EXERCISE BRIEF: Output each entry verbatim.

AVAILABLE RECORDS:
= = = =
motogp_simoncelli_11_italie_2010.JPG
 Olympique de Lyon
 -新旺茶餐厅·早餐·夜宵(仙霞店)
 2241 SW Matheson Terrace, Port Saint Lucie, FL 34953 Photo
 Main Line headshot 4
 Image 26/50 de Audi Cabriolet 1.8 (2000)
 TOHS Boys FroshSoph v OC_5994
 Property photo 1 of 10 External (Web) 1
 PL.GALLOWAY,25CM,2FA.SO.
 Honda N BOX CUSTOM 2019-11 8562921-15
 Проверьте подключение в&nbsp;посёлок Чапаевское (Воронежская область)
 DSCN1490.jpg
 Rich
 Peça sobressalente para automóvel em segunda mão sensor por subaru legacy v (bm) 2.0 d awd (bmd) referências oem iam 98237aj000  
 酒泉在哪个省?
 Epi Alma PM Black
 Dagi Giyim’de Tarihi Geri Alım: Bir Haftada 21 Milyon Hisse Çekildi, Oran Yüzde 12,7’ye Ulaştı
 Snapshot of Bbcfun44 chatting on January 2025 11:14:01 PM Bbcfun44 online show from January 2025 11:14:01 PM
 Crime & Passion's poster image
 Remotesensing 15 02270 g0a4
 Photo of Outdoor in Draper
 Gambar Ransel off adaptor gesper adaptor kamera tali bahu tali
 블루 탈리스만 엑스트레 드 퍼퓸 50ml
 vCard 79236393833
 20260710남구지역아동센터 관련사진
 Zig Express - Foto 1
= = = =
SOLUTION TO THIS EXERCISE:
motogp_simoncelli_11_italie_2010.JPG
 Olympique de Lyon
 -新旺茶餐厅·早餐·夜宵(仙霞店)
 2241 SW Matheson Terrace, Port Saint Lucie, FL 34953 Photo
 Main Line headshot 4
 Image 26/50 de Audi Cabriolet 1.8 (2000)
 TOHS Boys FroshSoph v OC_5994
 Property photo 1 of 10 External (Web) 1
 PL.GALLOWAY,25CM,2FA.SO.
 Honda N BOX CUSTOM 2019-11 8562921-15
 Проверьте подключение в&nbsp;посёлок Чапаевское (Воронежская область)
 DSCN1490.jpg
 Rich
 Peça sobressalente para automóvel em segunda mão sensor por subaru legacy v (bm) 2.0 d awd (bmd) referências oem iam 98237aj000  
 酒泉在哪个省?
 Epi Alma PM Black
 Dagi Giyim’de Tarihi Geri Alım: Bir Haftada 21 Milyon Hisse Çekildi, Oran Yüzde 12,7’ye Ulaştı
 Snapshot of Bbcfun44 chatting on January 2025 11:14:01 PM Bbcfun44 online show from January 2025 11:14:01 PM
 Crime & Passion's poster image
 Remotesensing 15 02270 g0a4
 Photo of Outdoor in Draper
 Gambar Ransel off adaptor gesper adaptor kamera tali bahu tali
 블루 탈리스만 엑스트레 드 퍼퓸 50ml
 vCard 79236393833
 20260710남구지역아동센터 관련사진
 Zig Express - Foto 1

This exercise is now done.